Benefits of Existing Credentials

  • Security: Credentials are managed centrally and encrypted
  • Reusability: Same credentials can be used for multiple sources
  • Audit Trail: Clear tracking of credential usage and access
  • Rotation: Easier to update credentials across multiple sources

Creating with Inline Credentials

For development and testing, you can create credentials inline with the data source. This approach is convenient but should be used carefully in production environments.

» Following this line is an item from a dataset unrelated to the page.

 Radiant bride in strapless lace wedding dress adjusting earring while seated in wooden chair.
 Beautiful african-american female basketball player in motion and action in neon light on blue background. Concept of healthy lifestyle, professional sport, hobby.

Inline Credentials Example

Create with Inline Credentials: Request
{
"name": "Test FTP Source",
"source_type": "ftp",
"data_credentials": {
"name": "FTP Test Credentials",
"credentials_type": "ftp",
"credentials": {
"host": "ftp.example.com",
"username": "testuser",
"password": "testpass",
"port": 21
}
},
"source_config": {
"path": "/data/",
"file_pattern": "*.txt"
}
}

When to Use Inline Credentials

  • Development: Quick setup for testing and development
  • Temporary Sources: Short-lived or experimental data sources
  • Demo Purposes: Demonstrations and proof-of-concept work
  • CI/CD: Automated testing and deployment scenarios

Source Configuration

Each connector type requires specific configuration parameters. The source_config object contains these connector-specific settings.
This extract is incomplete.